“Ten years ago today, the Great East Japan Earthquake shook Asia’s seabed,” International Atomic Energy Agency (IAEA) Director General Rafael Mariano Grossi said on 11 March. “Its tremors were powerful enough to shift the earth on its axis. At the Fukushima Daiichi Nuclear Power Plant, the equipment reacted just as it was designed to do. It stopped, the control rods were inserted into the reactor core, and the cooling system kicked in. About an hour later, however, a giant tsunami swept across the mainland, overwhelming Japan’s coastal defences and Daiichi’s safety perimeter.” He noted that, despite the ensuing damage, which caused nuclides to be released into the environment, “scientists have found no evidence that this caused radiation-induced health effects”.

However, the accident galvanised the international community. A few days after the tsunami, a team of IAEA experts flew to Japan to help engineers assess the damage. The Agency has continued to assist Japan and is currently helping to tackle the ongoing challenge of contaminated water at the site.

“As we mark this solemn occasion, I would like to take stock of all that the IAEA and its Member States have done since that fateful day in 2011. We have put in thousands of manhours and compiled thousands of pages of data and knowledge. This represents the findings of the first four years.”

Within just a few months of the accident, the IAEA had developed a comprehensive action plan to strengthen the global nuclear safety framework and member states endorsed it. Engineers worldwide analysed their nuclear reactors and made upgrades where necessary. Today, virtually all IAEA member states with nuclear power plants have completed ‘stress tests’ with many making use of the IAEA’s range of expert peer-review missions.

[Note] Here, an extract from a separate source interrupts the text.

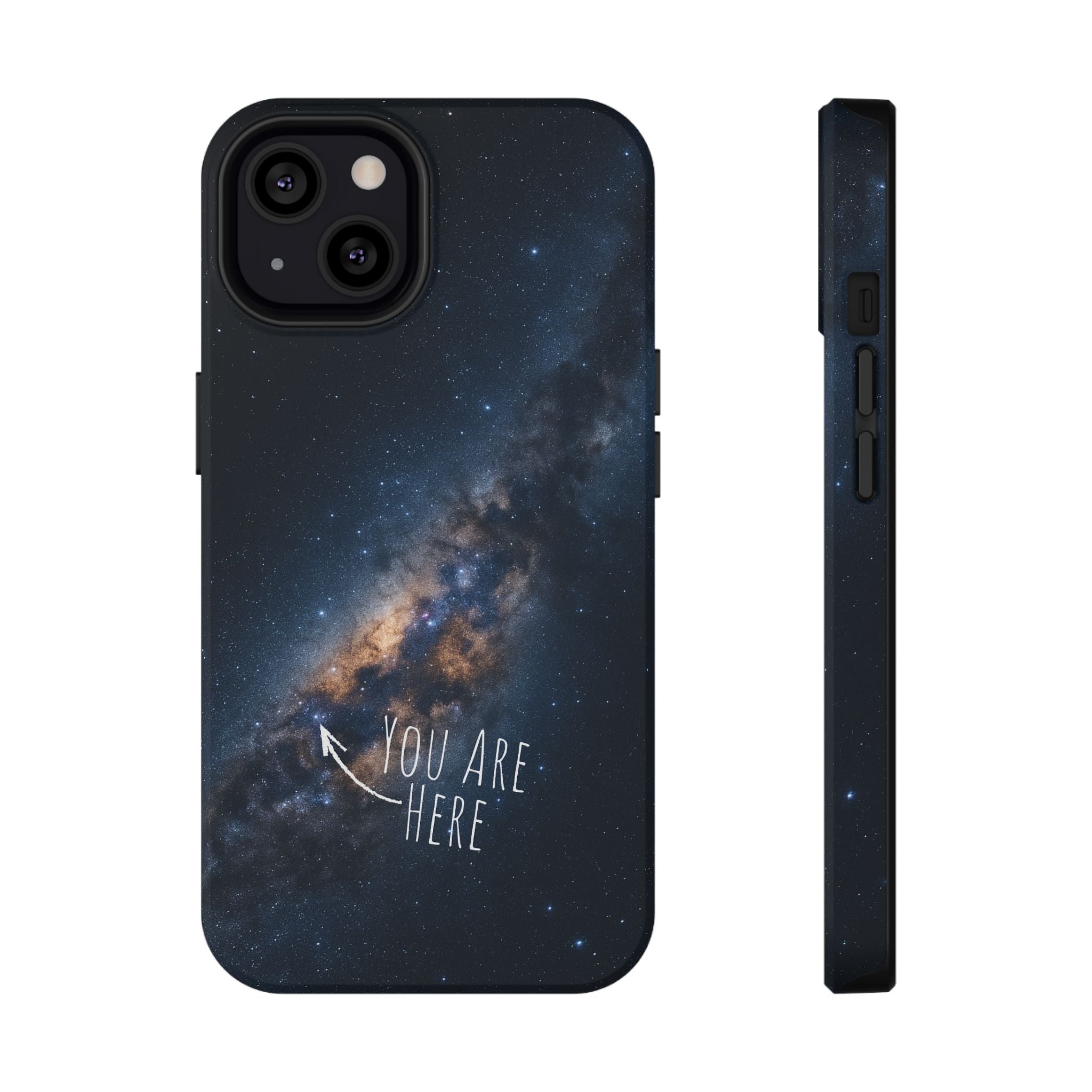 Lost - Standard Protection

“We have built a single platform that promotes clear nuclear safety practices for existing sites and those being developed and constructed. Our work has not only led to concrete improvements in the safety of nuclear sites; it has created a sustained and robust global safety culture,” said Grossi. “We have developed and improved Safety Standards, norms and guidance. The adoption of the Vienna Declaration brought together all parties of the Convention on Nuclear Safety to reinforce its principles.” He said that an important lesson of Fukushima is that regulators must be strong, independent and adequately resourced.

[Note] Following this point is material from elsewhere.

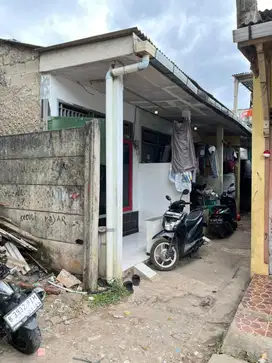 Dijual Petakan di Tanah Kusir Jaksel, dekat Arteri Pondok Indah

“A robust, normative safety framework with the IAEA at its centre is critically important. Because nuclear safety is not an end in itself; it is the means to an end. It is the key to nuclear power’s expansion. And thus it is the key to nuclear meeting its biggest promise of all – the ability to help stabilise the climate while allowing economies and societies to thrive, fuelled by safe, stable and sustainable carbon-free energy.” He concluded: “I like to say the IAEA does not stop for a single minute. And it is true. The job we have is simply too important to rest.”